PPRuNe Forums - View Single Post - Airbus hydraulic failure -
View Single Post
Old 30th Jun 2019, 17:33
  #3 (permalink)  
eigerjoch
 
Join Date: Jul 2013
Location: London
Posts: 4
Likes: 0
Received 0 Likes on 0 Posts
Originally Posted by Tu.114
It is hard to deliver a remote diagnosis here.

However, all airliners that I am aware of have multiple independent hydraulic systems taking their liquid from dedicated reservoirs, driven by at least two pumps each. On A320 series aircraft, there are three systems in total. Should one of those systems fail, it will still leave the aircraft flyable and only result in some additional considerations and extended checklist work: all the really important systems are taken over by the two remaining systems, other systems have a backup operating mode not requiring hydraulic pressure. For example the landing gear can be extended via gravity extension if needed. If a second system goes, the aircraft will still fly, but there will be various systems offline. One hydraulic system is required to be operating on nearly all types in order to keep flight controls powered. Exceptions include the F70/100 and the DH8-300, those two types still allow the use of the primary flight controls without any hydraulic pressure available. On the Dash, you will only lose the rudder and the flaps.

There are various protections and additional systems included to make the loss of all 3 hydraulic systems extremely improbable, ranging from using different power sources for individual systems to routing the pressure pipes well separated from each other.

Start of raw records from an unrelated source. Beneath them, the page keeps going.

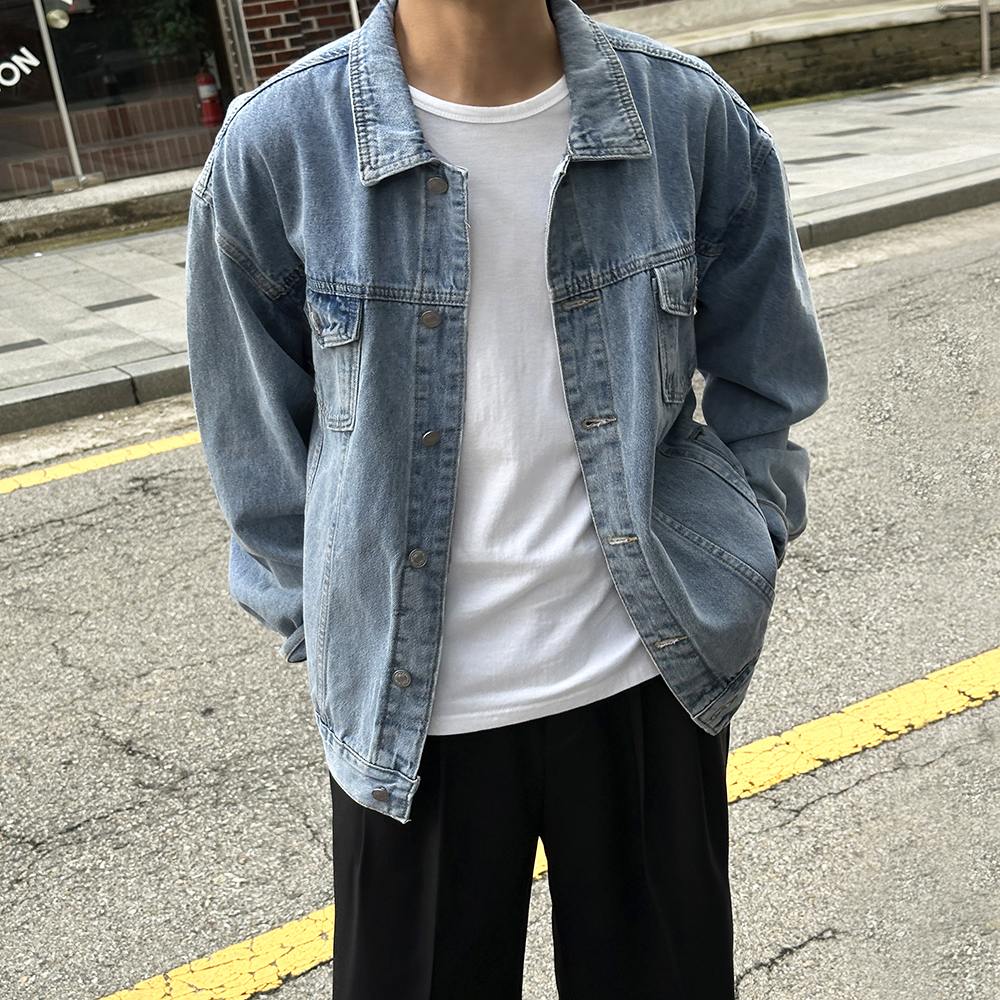 남자 청자켓 봄 가을 오버핏 연청 흑청 트러커재킷 - 상품 이미지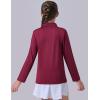 image3 Pack Youth Girls Uniform Polo Shirts Dry Fit Long Sleeve Pique Collared Tops for School KidsGrayLight BlueBurgundy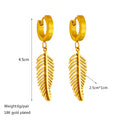 Alexandra Feather Huggie Earrings / Stainless Steel view 4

However: on the ground, things look different. While the aircraft may be flyable when the system goes in flight, there is normally no reason to depart an airport without having presented such an issue to maintenance and having it rectified. Depending on the exact time the problem rears its head, it may well even be illegal.
thank you! That’s very interesting.
I was curious as to whether it was the kind of problem that would be ‘flyable, but not a situation you’d take off knowing about’ - e.g. a like single engine failure. Or the kind of problem that’d have involved burning off fuel and difficult landings.

it was an Airbus 319, we had the same replacement plane.

The jet with the problem had just landed so I assume whatever failed must have done so very suddenly (for something to be leaking hydraulic fluid, and leaking nitrogen when they tried that ). BA were flying in parts from London to fix it apparently, as we left.